[Opening Material supplied section]

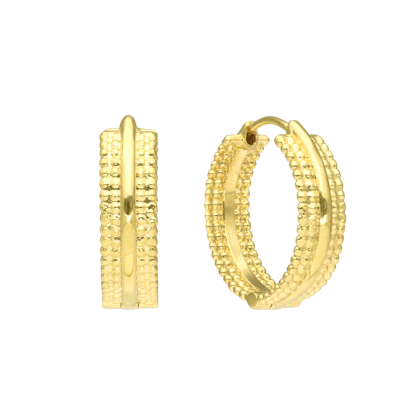 By Aagaard — Dotted Hoop Earrings By Aagaard Dotted Hoop Earrings — Øreringe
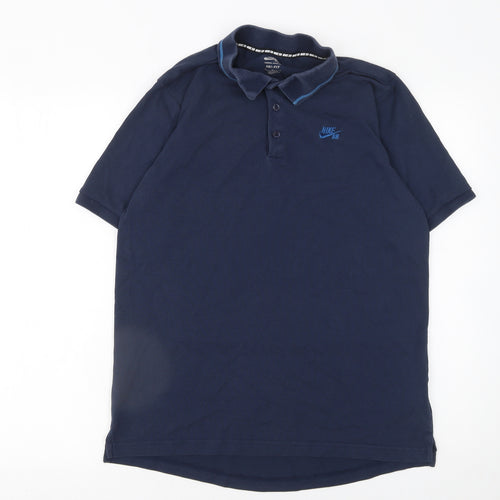 Nike SB Men’s Blue Dri-Fit Polo Shirt Size M Regular Fit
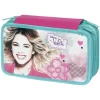 ASTUCCIO A 3 ZIP DISNEY VIOLETTA IN TESSUTO COMPLETO DI PASTELLI E PENNARELLI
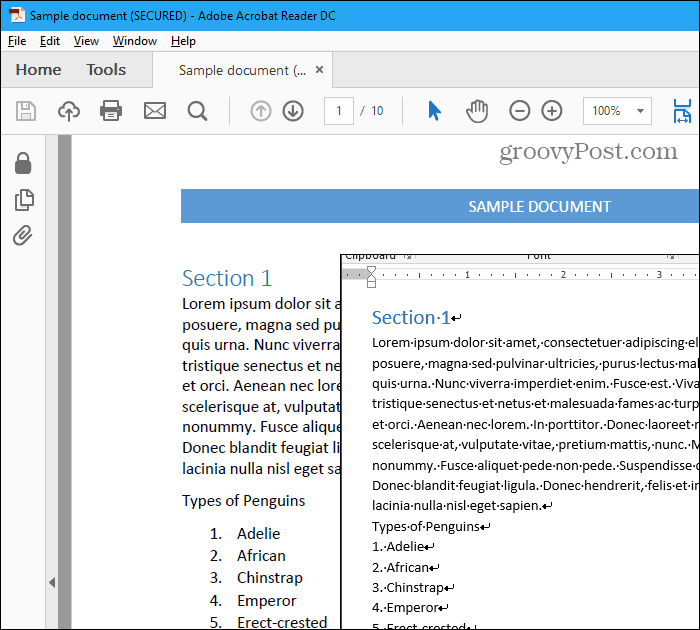 ملف PDF وملف Word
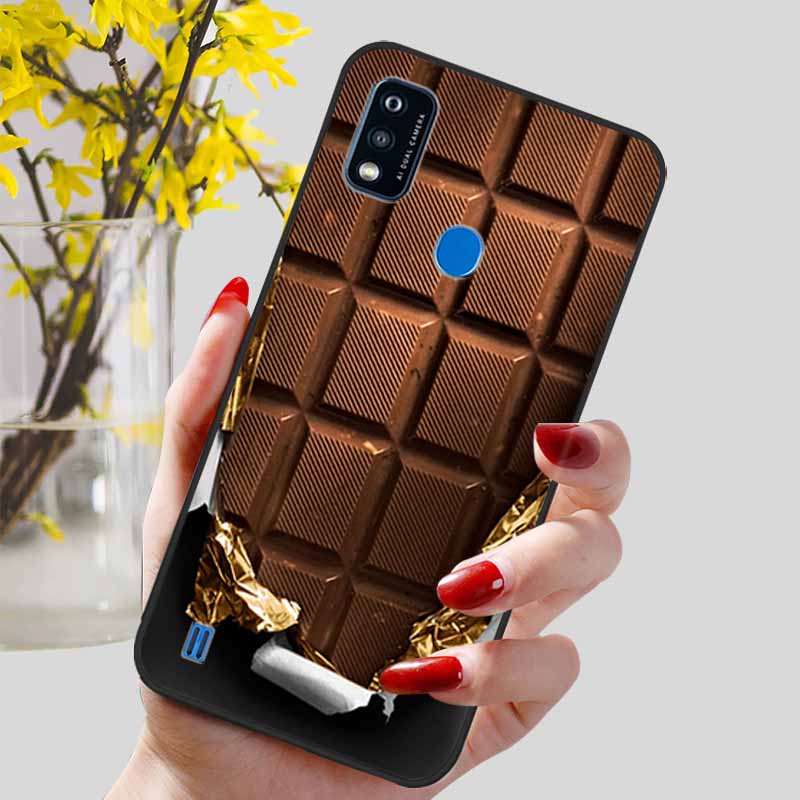 For ZTE Blade A51 Case Lovely TPU Silicone Soft Phone Cover for ZTE Blade A51 / A71 Protect Bumper Cover On BladeA51 A 51 Cute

[Closing Material supplied section]

### Assignment
The reply should hold the lines from the top of the records through the line containing "ملف PDF وملف Word", reproduced exactly, and no pictures.

### Task answer
 By Aagaard — Dotted Hoop Earrings By Aagaard Dotted Hoop Earrings — Øreringe
 Nike SB Men’s Blue Dri-Fit Polo Shirt Size M Regular Fit
 ASTUCCIO A 3 ZIP DISNEY VIOLETTA IN TESSUTO COMPLETO DI PASTELLI E PENNARELLI
 ملف PDF وملف Word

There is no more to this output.